I've always been a great believer in confessions: maybe all those stories of Hindu mythology where repentance equalled a spiritual and karmic cleansing, coupled with my convent education, have super-glued it to my sub-conscious.
When I was a teenager and did things or thought of things that I was too embarrassed or afraid to tell my mum, I confessed to my diary, spelling it out frankly, sometimes hoping that mum would pick the diary up, and read it, and I would be absolved of all guilt. That she was fiercely adamant about giving me my own privacy, is a different matter.

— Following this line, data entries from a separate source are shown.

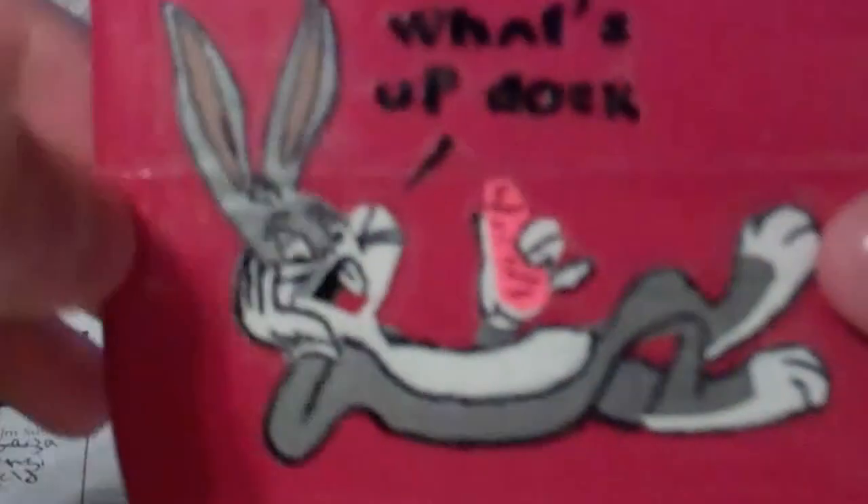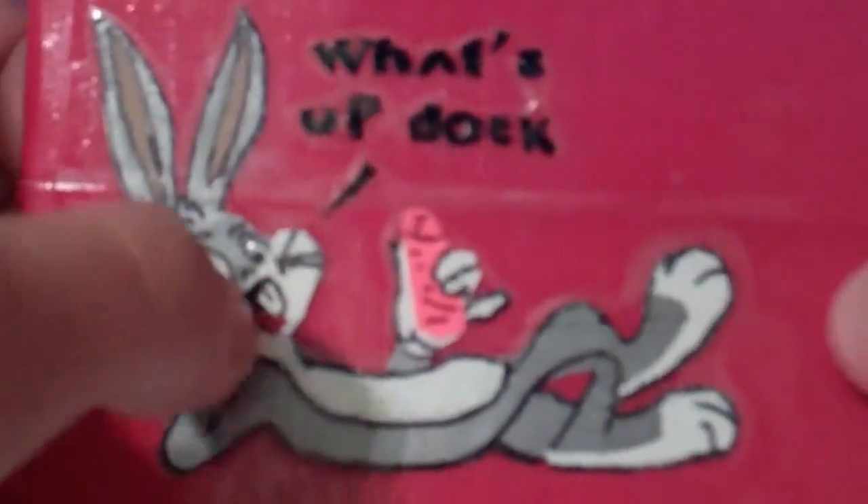He's eating a carrot, an orange carrot. Gray and white, red and black — everything's in duct tape.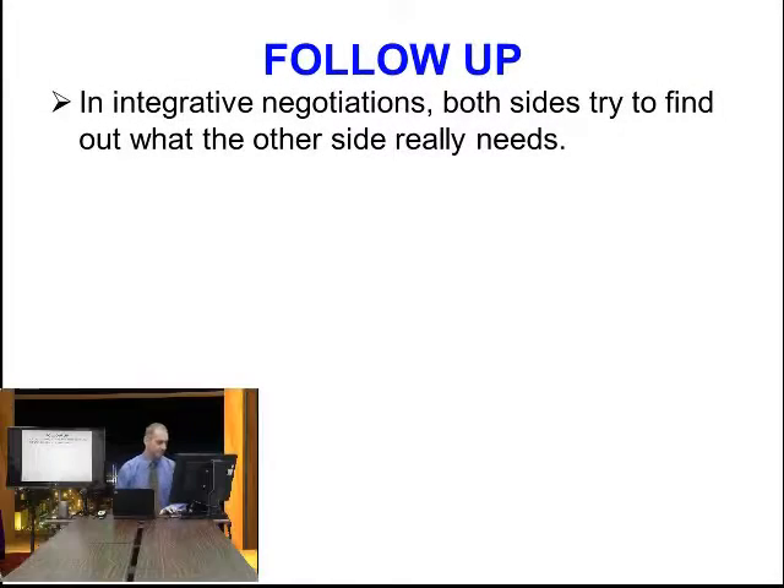Let's follow up a little bit on this. In a great negotiation, both sides try to find out what the other side really needs. This is really the key point. They want to understand each other. It sounds great in theory, but it's very difficult to execute. Because if both sides are not both working towards win-win, then one side is going to win — that's the side who's secretly trying to win-lose.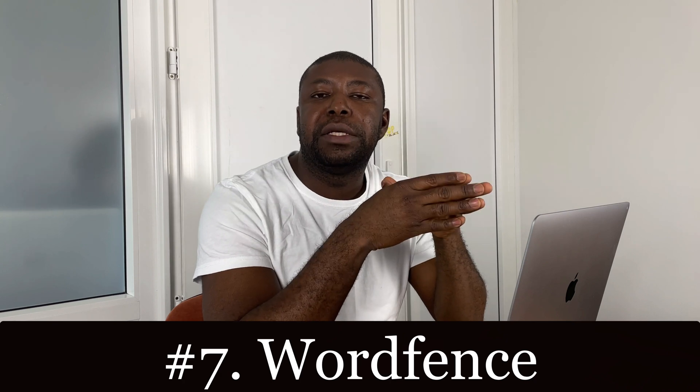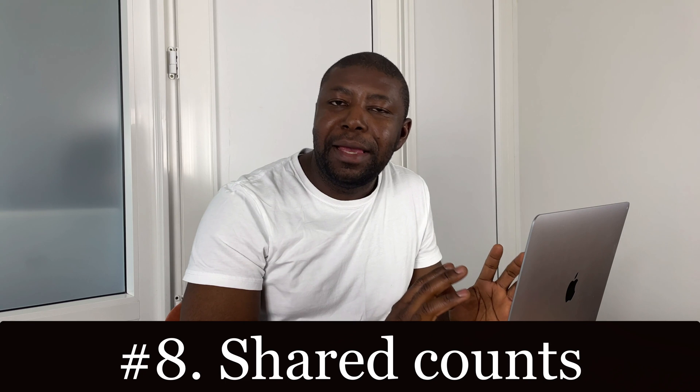Number seven on our list is Wordfence. Every day you hear that people are being hacked or websites are hacked, so you have to protect your website. You may either have to employ people to write code for you to prevent hacking, or use third-party tools — but with WordPress you can use a plugin such as Wordfence to protect your website from unauthorized access. It is very important these days to protect your website, and this is why we recommend Wordfence.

Marrying into a Jain family, and living with Jain in-laws (I live in a joint family: you do know that right?!), I've come to value the ritual of Michami Dukkadam immensely. On the eighth day of Paryushan, the Jain festival of fasting, on Samvatsari, Jains wish one another, big and small, with a firmly clasped Namaste and a body posture bent at the spine, asking for forgiveness, for hurt caused through thoughts and deeds, knowingly and unknowingly committed. One day when you must ask for forgiveness even from your enemies. It's a gratifying scene to witness grandparents bowing to grandchildren, young children bowing to their friends. There is no age for the asking of forgiveness, no gender, no economical or social status.
My sincerest Michami Dukkadam yesterday went to Nino:
For those first five days when I made him feel unwanted, unwelcome and insecure. For my lack of patience; for my inability to understand that his boisterous ways are not as much a lack of discipline as it is in his nature; for exposing him to the complications of adult relations and for taking it for granted that he does not understand the undercurrents of tensions. For my inabilities, for my excesses, for my demons, for my errors and for my tears: Michami Dukkadam, dearest son.
Amma always said bending makes you stronger: and yet I failed to bow yesterday and respond to Nino's Dad's greetings of forgiveness: there were too many currents flowing within me and the froth of the churning waves refused to let me surface and reciprocate, perhaps because I knew the gesture was only ritualistic. And yet, it deserved a reply, because I too have much to be apologetic for, my whip-lash of a tongue being predominant. It is not easy to live with someone who is a fierce critic: I've seen it too close to not know how damaging words can be.